The proposal has resulted from discussions over the past six months by the institute's official library and archive working group, as well as an external group set up by industry stalwarts.
The groups have worked closely to examine possible options for the library and archive, which have been hit by the institute's financial struggles over the past year.
The archive is currently mothballed, following archivist Annabel Downs' redundancy at the beginning of the year. The "break out" library group - chaired by Ralph Cobham and including past president Hal Moggridge, along with Tony Edwards and Tarsem Flora - formally proposed the idea of an independent trust.
Moggridge told HW that the trust would manage but not own the library and archive facilities.
"That would keep an independence for it and help safeguard it from the possibility of someone selling it off in the future," Moggridge explained.
The trust will raise money for the upkeep of the collections as well as being part-funded by the institute, possibly through a proportion of subscriptions of between three and 10 per cent, he added.
The official Landscape Institute library and archive group, which is chaired by BDP landscape architecture director Andrew Tindsley, was set up in March.
Tindsley said the two groups had collaborated closely to come up with options in the "best interests" of the institute and the library and archive.
He added: "There has been no divide between the two groups because we have got similar thoughts and views.

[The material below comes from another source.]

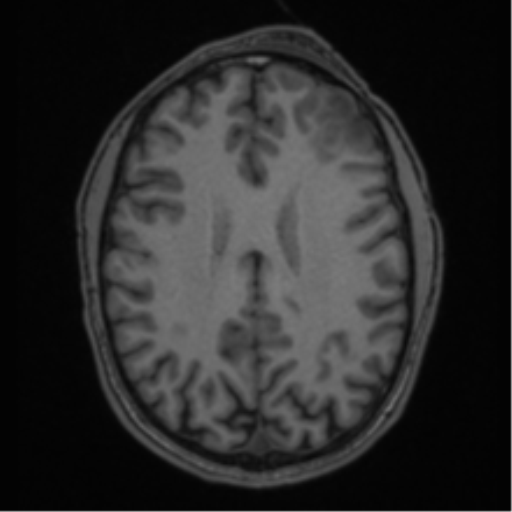 Anaplastic oligodendroglioma with skull fracture (Radiopaedia 74831-85845 Axial T1 41).png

We think we have come to a good conclusion but it is still moving forward and being developed."
The institute held its AGM on 26 November and president Neil Williamson said one of the priorities was to move out of its headquarters in Great Portland Street, London, to cheaper premises.
"When the time comes to move out of Great Portland Street, the library and archive collections will be placed in external storage until such time as they can be reopened by the independent trust," he said.
Garden History Society chairman Dominic Cole told HW that it was "slightly alarming" that the collections might not be fully accessible for some time. "It would be a great shame if the collection was inaccessible for years rather than months," he warned.
But Cobham said although it was still early days in developing the proposals, he hoped to meet the Landscape Institute secretariat and trustees to formulate a way forward before Christmas.